Occupy Wall Street protesters try to talk their way past police blocking Cipriani Wall Street. (Oct. 13, 2011) Credit: Charles Eckert

An ironic role reversal takes hold these days in the national red-state-versus-blue-state smackdown.

The instant that Barack Obama entered the White House, many Democrats abruptly ceased to fret about deadly foreign entanglements and the "imperial presidency."

Now, Republican Party reaction to the Occupy Wall Street demonstrations contrasts just as sharply with the GOP's response to the tea party phenomenon.

Party protocol demands the demonstrators to which your leaders must listen -- potential voters for your side -- be treated as concerned citizens deserving respect. Boisterous rallies on the other side, however, must be cast as the work of thugs and dupes.

House Majority Leader Eric Cantor (R-Va.) said last week he was "increasingly concerned about the growing mobs occupying Wall Street and the other cities across the country." Inside Cantor's caucus, Rep. Peter King (R-Seaford) talked on a radio show about "ragtag mobs" and said "The fact is, these people are anarchists. . . . They have no sense of purpose other than a basically anti-American tone."

State GOP chairman Ed Cox's chief of staff, Anthony Casale, said Wednesday he sees the Occupy Wall Street phenomenon as "orchestrated" and "union-driven," unlike the "conservative-minded anti-government, anti-tax people who are very sincere in their beliefs." Suffolk Republican chairman John Jay LaValle -- asked about the difference in protest movements -- said: "This Occupy Wall Street group seems to be an orchestrated effort by the Democratic Party to counter the tea party movement."

Top Democrats sounded just like that when they sought to spin tea party successes as "AstroTurf roots." In 2009, House Speaker Nancy Pelosi (D-Calif.) -- who'd later lose her majority in midterm elections -- said: "It's funded by the high end, by some of the wealthiest people in America, to keep the focus on tax cuts for the rich instead of the great middle class."

Mark Green, the Great Neck-raised Democratic activist, author, and former elected official, wrote last year as self-described tea party loyalists gained House seats: "Like locusts awakening after a half-century slumber, they're back!

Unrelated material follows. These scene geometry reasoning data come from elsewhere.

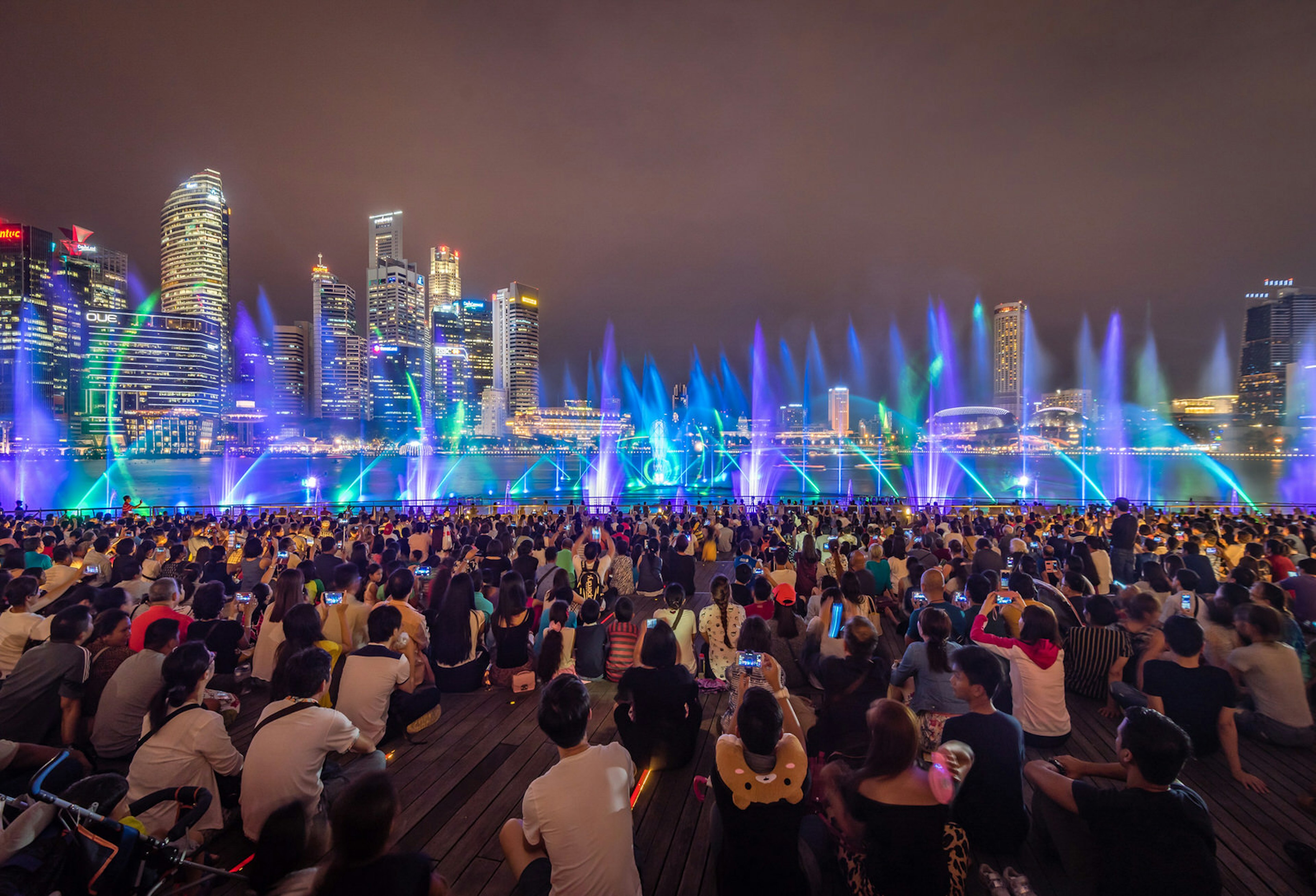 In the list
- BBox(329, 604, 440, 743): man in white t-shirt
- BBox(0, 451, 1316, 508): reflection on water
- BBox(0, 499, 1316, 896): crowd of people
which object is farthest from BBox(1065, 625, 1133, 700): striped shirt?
BBox(0, 451, 1316, 508): reflection on water

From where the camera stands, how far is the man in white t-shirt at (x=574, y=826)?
8.64 ft

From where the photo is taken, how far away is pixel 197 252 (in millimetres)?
172000

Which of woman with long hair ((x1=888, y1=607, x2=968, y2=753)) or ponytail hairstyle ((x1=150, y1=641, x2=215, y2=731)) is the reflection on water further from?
woman with long hair ((x1=888, y1=607, x2=968, y2=753))

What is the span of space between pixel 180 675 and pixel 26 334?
523ft

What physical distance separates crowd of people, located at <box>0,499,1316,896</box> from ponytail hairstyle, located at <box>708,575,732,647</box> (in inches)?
1.3

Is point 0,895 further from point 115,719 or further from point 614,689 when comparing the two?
point 614,689

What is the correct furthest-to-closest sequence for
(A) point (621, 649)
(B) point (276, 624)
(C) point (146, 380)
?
(C) point (146, 380) → (B) point (276, 624) → (A) point (621, 649)

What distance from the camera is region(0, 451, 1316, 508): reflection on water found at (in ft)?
183

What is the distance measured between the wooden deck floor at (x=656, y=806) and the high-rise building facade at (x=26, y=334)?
148194mm

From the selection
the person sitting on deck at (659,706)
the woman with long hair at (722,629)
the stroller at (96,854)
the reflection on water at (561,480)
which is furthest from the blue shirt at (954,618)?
the reflection on water at (561,480)

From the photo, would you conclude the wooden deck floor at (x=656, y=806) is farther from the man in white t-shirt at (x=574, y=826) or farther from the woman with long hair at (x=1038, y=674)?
the man in white t-shirt at (x=574, y=826)

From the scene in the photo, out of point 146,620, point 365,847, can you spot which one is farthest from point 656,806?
point 146,620

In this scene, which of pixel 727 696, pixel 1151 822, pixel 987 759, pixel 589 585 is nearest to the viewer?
pixel 1151 822

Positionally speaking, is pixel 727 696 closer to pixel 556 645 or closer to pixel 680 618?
pixel 680 618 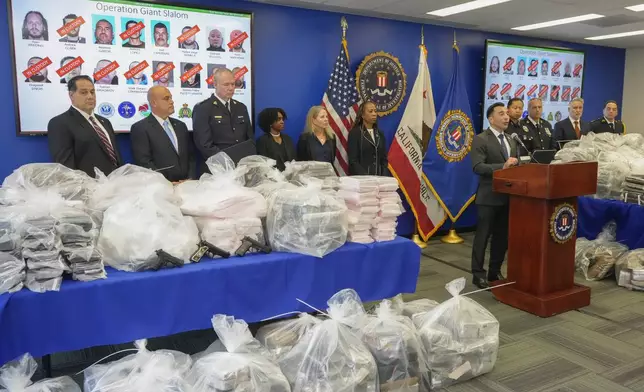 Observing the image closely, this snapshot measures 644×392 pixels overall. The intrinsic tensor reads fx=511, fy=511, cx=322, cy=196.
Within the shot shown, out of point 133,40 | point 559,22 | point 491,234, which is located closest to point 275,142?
point 133,40

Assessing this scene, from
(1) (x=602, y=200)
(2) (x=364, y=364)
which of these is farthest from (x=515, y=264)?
(2) (x=364, y=364)

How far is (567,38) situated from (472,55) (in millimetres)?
1750

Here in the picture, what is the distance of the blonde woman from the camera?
4.51 meters

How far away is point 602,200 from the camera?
493cm

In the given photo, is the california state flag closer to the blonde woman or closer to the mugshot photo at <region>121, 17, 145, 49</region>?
the blonde woman

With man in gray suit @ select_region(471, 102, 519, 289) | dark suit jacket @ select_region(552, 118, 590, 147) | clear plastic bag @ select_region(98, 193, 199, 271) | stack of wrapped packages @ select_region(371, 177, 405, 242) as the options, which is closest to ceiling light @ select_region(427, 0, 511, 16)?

Not as a laughable Bircher fringe talking about fluoride in our water as a communist plot, but radicals who appear to be taking over a major party."

Recent events also show the latest use of the "discredited-by-bad-behavior" rhetoric. One side complains when youths camped out in lower Manhattan defy police, trash private property, or even hide from warrants in the encampment. The other side sounds alarms when tea partyers bring guns to rallies and carry a sign or two urging Obama to, say, "go back to Kenya."

Exactly how the newer Occupy Wall Street will pressure and push Democratic policy remains to be seen. Does the tea party parallel apply?

"Yes and no," Arthur J. Kremer, former Democratic assemblyman from Nassau, said this week. "Yes, because it relates to a lot of issues that the Democrats have stood for. No, because the Democrats don't know how the public at large is going to accept it."

All this comes quite late in the economic policy debate.

For better or worse, Democrats and Republicans together enacted bank bailouts and tax breaks, expanded federal spending, changed Wall Street rules while collecting huge contributions from its denizens, and signed on to corporate trade deals now frequently blamed for job losses.

None of that is about to change soon.